心の風景

晴耕雨読を夢見る初老の雑記帳

「十五夜能」

2014-09-07 09:20:16 | Weblog

 どうも最近、お天気が不安定でいけません。昨日も、午後お出かけのときは残暑がぶり返したような暑さでしたが、ビルの中で過ごして一歩外に出ようとすると、雨が降っていました。傘をもってきていなかったので、雨を避けながら街路樹の下を歩くのが精一杯でした。実は、昨日は、大阪城にほど近い大槻能楽堂で開かれた十五夜能「三井寺」を家内と一緒にご鑑賞でありました。早めの夕食を済ませ、6時半の開演に間にあうように雨の中を急ぎました。

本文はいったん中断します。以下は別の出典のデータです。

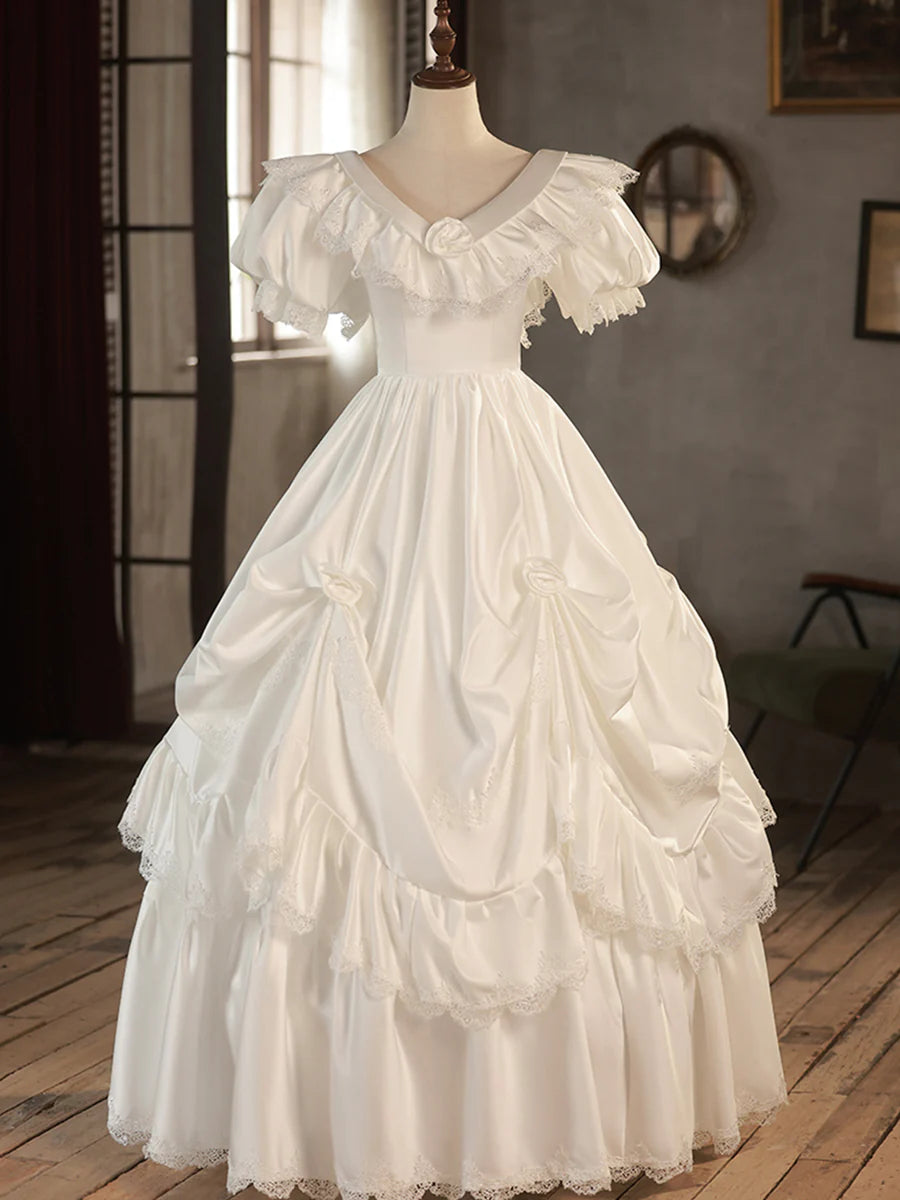 White Satin Lace Flowers V-Neck Short Sleeve Long Prom Dress Wedding Dress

 この日は、まず中西進先生のお話し「月の能『三井寺』の魅力」を拝聴します。今の平和な時代と違い、中世の頃には「人さらい」があったと。そういえば私も子どもの頃、遅くまで外で遊んでいると、母から「人さらいが来るよ」と言われて家に帰ったことがありました。また、「月」という言葉の意味についても興味深いお話がありました。私にはファンタスティックなイメージしかありませんが、先生いわく、もう一つの意味にクレイジー、精神に異常をきたす意味があるのだとか。十五夜能に相応しい、わくわく感が場内に広がりました。
 まずは狂言「月見座頭」。月見に纏わる座頭(盲人)と上京の男とのやり取りが観客を中世の世界に誘います。そして、いよいよ「三井寺」ですが、行方がわからなくなった我が子を思うまあり狂女となる母が、八月十五日の月見を楽しむ僧の一行がいる三井寺に向かい、そこで我が子、千満丸に出会うという物語です。我が子を思う母の姿が象徴的に表現されたものでした。
 驚いたのは千満丸役の長山芽生さん。まだ小学生低学年と思しき女児でしたが、姿勢を崩すことなく、1時間余りにわたり舞台に座し、母との再会の場面には長いセリフを語ります。ふと世阿弥の「風姿花伝」第一「年来稽古條々」を想起しました。帰って読み返すと「7歳。この芸能においては、おおよそ7歳が初稽古となる。この頃の稽古では、子供が自然にやりだした事に、生まれもった美点が見つかるものだ。舞や働き、また謡やいかつい動きでもよいが、なにげなくやりだしたなら、その子の心のままにやらせてみることである」とあります。能楽というお家に生まれて身近にお能に接しているのでしょう。今後の成長を期待しましょう。
 さてさて、きょうはお能一辺倒になりましたが、急に秋めいてきて過ごしやすい休日を迎えています。朝、TVニュースを見ると、島根県出身のテニス世界ランキング11位の錦織圭さんが全米オープンでジョコビッチを破って決勝に進出したとか。最近、日本の若手スポーツ選手たちの活躍ぶりが目立ちます。「最近の若者は.....」なんて嘆くことの不自然さを思います。若者たちの元気溌溂とした表情がこぼれる「場づくり」が、初老の域に達した者の最後のお仕事なんでしょうね。きっと。